Scottish farmers have warned that Britain’s food supply is 'at serious risk' after the UK government scrapped a key visa route for skilled overseas farm workers.
The controversial change, introduced on 22 July 2025, removed Skilled Worker code 5111 from the Temporary Shortage Occupation List.
The decision means dairy, pig, poultry and horticultural producers can no longer recruit skilled staff from abroad to fill critical vacancies.
In Dumfries & Galloway alone, more than 25 dairy farms rely on overseas workers from countries such as the Philippines to keep operations running.
Farmers say the loss of access to those staff will hit food production, drive up consumer prices and increase reliance on imports.
Rory Christie, who runs the Dourie Farming Company near Port William with his brother Gregor, is among those raising the alarm. He also chairs the Milk Suppliers Association, SAOS and the Association of Dairy Producer Organisations.
“Our family has employed local people for over 70 years, and we will always look to local labour first,” he said. “However, the reality is that with rural depopulation there are insufficient skilled or indeed unskilled local people to fill the gap.
"This isn’t about uncontrolled migration — it’s about targeted, skilled people filling essential roles to keep food on our tables. The government is naïve if it thinks its decision won’t have a huge negative effect on food security and food prices.”
Christie added: “Farming isn’t bypassing local workers. We’re filling unavoidable gaps. Without access to overseas skills, the entire food supply chain — from farm to processor to retailer — is at risk.”
His family business operates a 1,200-cow dairy herd and a 200-sow pig unit, relying on both local and international staff to supply food seven days a week.
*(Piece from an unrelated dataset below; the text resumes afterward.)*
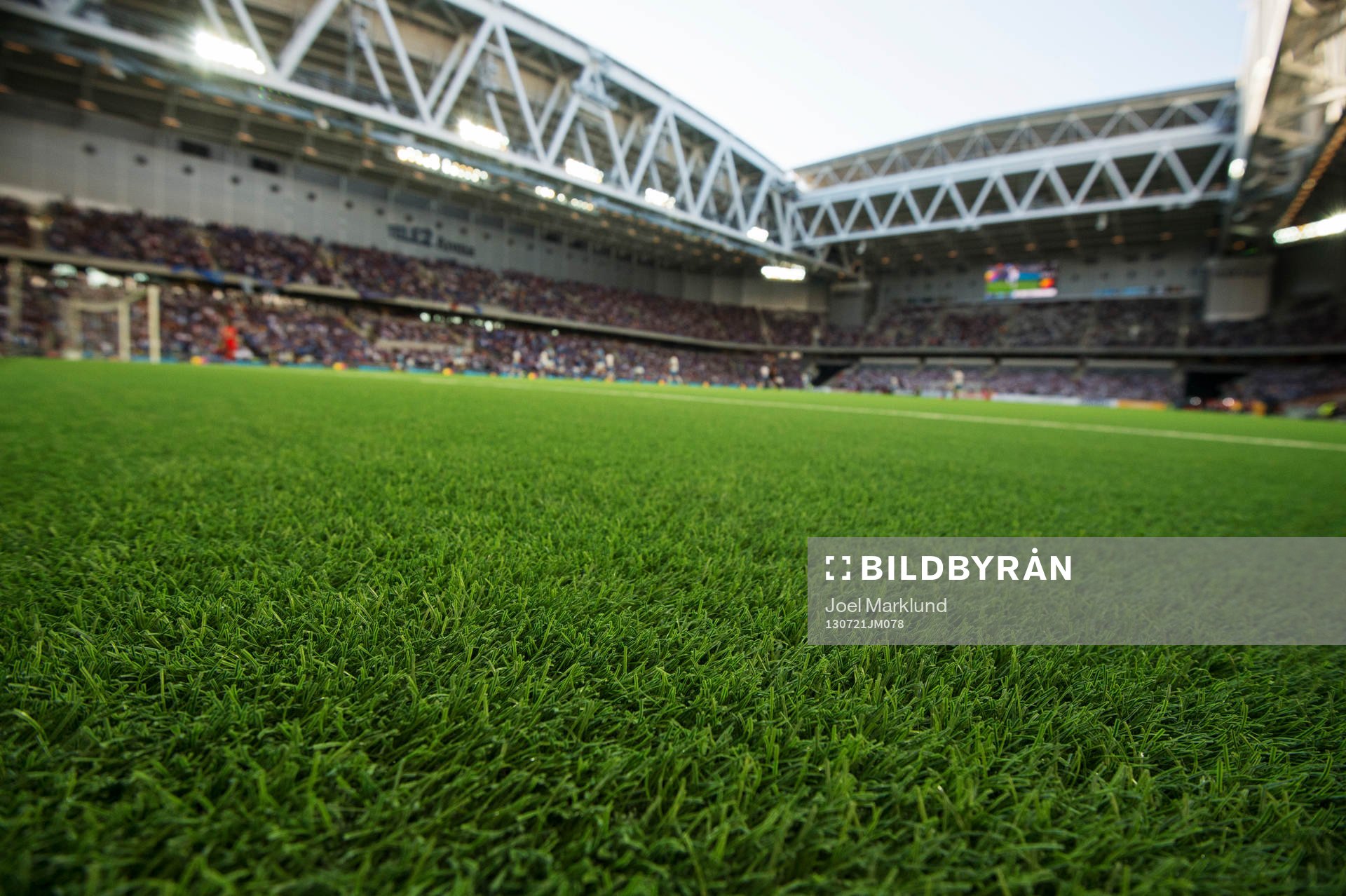 Generell vy över det konstgräs på Tele2 Arena som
NFU Scotland and the Scottish Association of Meat Wholesalers have joined Christie in calling for an immigration policy that supports skilled, willing workers across agriculture and food processing.
Recruitment specialist Andy Backhouse of CAS Recruitment is also lobbying for change nationwide, warning that rising salary thresholds, combined with the removal of Skilled Worker code 5111, are already choking recruitment despite farmers’ sustained efforts to hire and train locally.
The Migration Advisory Committee itself has previously acknowledged that “domestic supply is insufficient to meet demand in key sectors with sustained vacancy pressures” and that employers have “undertaken significant efforts to recruit locally and upskill, but persistent shortages remain.”
The sector is urging ministers to take two immediate steps. First, they want Skilled Worker code 5111 to be reinstated for key farm roles, returning those jobs to the shortage list and placing them on the immigration salary list.
Second, they are calling for clarity ahead of the upcoming Migration Advisory Committee review, so that farm businesses can plan, invest and retain staff with confidence.
Farming leaders warn that without action the UK risks undermining its food security and leaving the supply chain dangerously exposed.